Uploading Data Files
There are two ways to upload files:
- Interactive: upload files individually from your web browser (recommended for smaller datasets).
- Batch: upload files in a batch using command-line utilities or desktop applications (recommended for large volumes of data).
IMPORTANT: Do NOT upload Human Subjects data using these procedures described below. Please contact FaceBase Help for more information.
Before You Begin
You must first create a dataset and describe the experiments, biosamples, and replicates used for that dataset. Once you have completed those steps you may upload data files.
Interactive File Upload
To upload files from your web browser:
- Go to a Replicate record (to find Replicate records, go to the Dataset, select the Experiment and then you’ll see a listing of Replicates for that Experiment). You will see sections for various data types such as: sequencing, processed, track, imaging, and/or mesh data files.
- For the data type section related to your data, click the Add Record button. A new browser tab opens with the data entry form.
- In the “Url” field, click the Select file button to select the data file.
- In the “File Type” field, click the field to open the “Select File Type” modal window. Find the appropriate extension under the “Name” column and select it.
- When you are finished, click Save to upload the file.

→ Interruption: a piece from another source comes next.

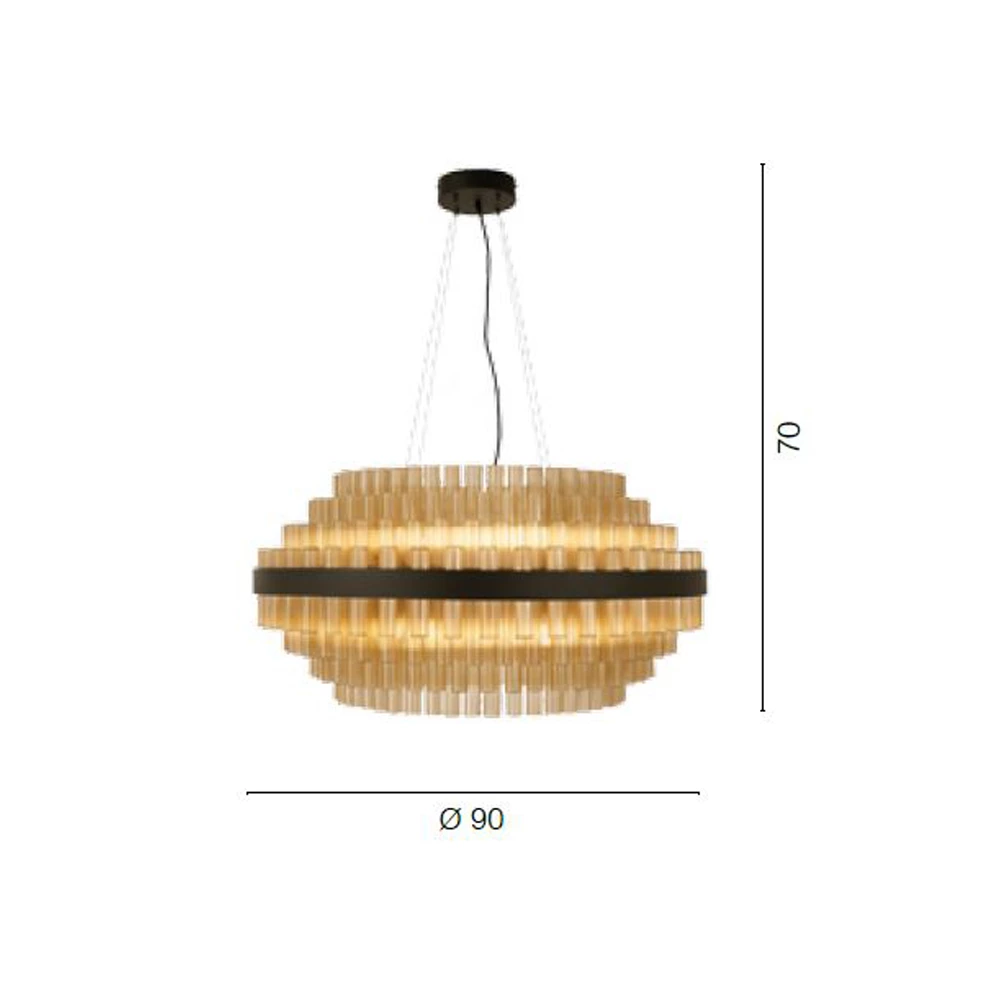 Moderne Kroonluchter Van Geblazen Glas En Metaal Italiaans Vakmanschap - Maesta 8 Moderne Kroonluchter Van Geblazen Glas En Metaal Italiaans Vakmanschap - Maesta - Afbeelding 8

Repeat for each file you want to upload.
Batch File Upload
Use DERIVA client tools for batch upload of files for a dataset.
Organize your files
The upload application will scan a directory of your choice and identify the files for upload. It will process them according to rules based on the subdirectories it finds them in. Please organize your files as follows:
<dataset-RID>/<replicate-RID>/
seq/
raw sequencing files (.fastq.gz)
proc/<mapping-assembly>/
processed data (.bam, .bam.bai, .count, .tsv, .fastqc{.tgz|.zip})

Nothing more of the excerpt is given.